The Robustness of the Diversity Prediction Theorem II: problems with asymmetry

Posted by Richard Pettigrew March 17, 2023

The Robustness of the Diversity Prediction Theorem II: problems with asymmetry

There is a PDF of this post here.

Take a quantity whose value you wish to estimate---the basic reproduction number for a virus; the number of jelly beans in a jar at the school fête; the global temperature rise caused by doubling the concentration of CO2 in the atmosphere; the number of years before humanity goes extinct. Ask a group of people to provide their estimate of that value, and take the mean of their answers.
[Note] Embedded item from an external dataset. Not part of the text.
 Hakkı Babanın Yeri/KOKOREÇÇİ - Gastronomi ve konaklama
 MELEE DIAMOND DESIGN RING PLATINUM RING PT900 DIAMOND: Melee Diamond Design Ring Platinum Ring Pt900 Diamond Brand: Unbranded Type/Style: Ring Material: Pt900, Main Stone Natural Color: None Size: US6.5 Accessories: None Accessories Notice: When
The Diversity Prediction Theorem says that, if you measure distance as squared difference, so that, for example, the distance from $2$ to $5$ is $(2-5)^2$, the distance that the mean of the answers lies from the true value will be equal to the average distance from the answers to the true value less a quantity that measures the diversity of the answers, namely, the average distance from the answers to the mean answer.

In a previous blogpost, I asked: to what extent is this result a quirk of squared difference? Extending a result due to David Pfau, I showed that it is true of exactly the Bregman divergences. But there's a problem. In the Diversity Prediction Theorem, we measure the diversity of estimates as the average distance from the individual answers to the mean answer. But why this, and not the average distance to the individual answers from the mean answer? Of course, if we use squared difference, then these values are the same, because squared difference is a symmetric measure of distance: the squared difference from one value to another is the same as the squared difference from the second value to the first. And so one set of answers will be more diverse than another according to one definition if it is more diverse according to the other definition. But squared difference is in fact the only symmetric Bregman divergence. So, for all other definitions of Bregman divergence, the two definitions of diversity come apart.

This has an odd effect on the Diversity Prediction Theorem. One of the standard lessons the theorem is supposed to teach is that the mean of a more diverse group is more accurate than the mean of a less diverse group. In fact, even the original version of the theorem doesn't tell us that. It tells us that the mean of a more diverse group is more accurate than the mean of a less diverse group when the average distance from the truth is the same for both groups. But, if we use a non-symmetric distance measure, i.e., one of the Bregman divergences that isn't squared error, and we use the alternative measure of diversity mentioned in the previous paragraph---that is, the average distance to the individual answers from the mean answer---then we can get a case in which the mean of a less diverse group is more accurate than the mean of a more diverse group, even though the average distance from the answers to the truth is the same for both groups. So it seems that we have three choices: (i) justify using squared difference only; (ii) justify the first of the two putative definitions of diversity in terms of average distance between mean answer and the answers; (iii) give up the apparent lesson of the Diversity Prediction Theorem that diversity leads to more accurate average answers. For my money, I think (iii) is the most plausible.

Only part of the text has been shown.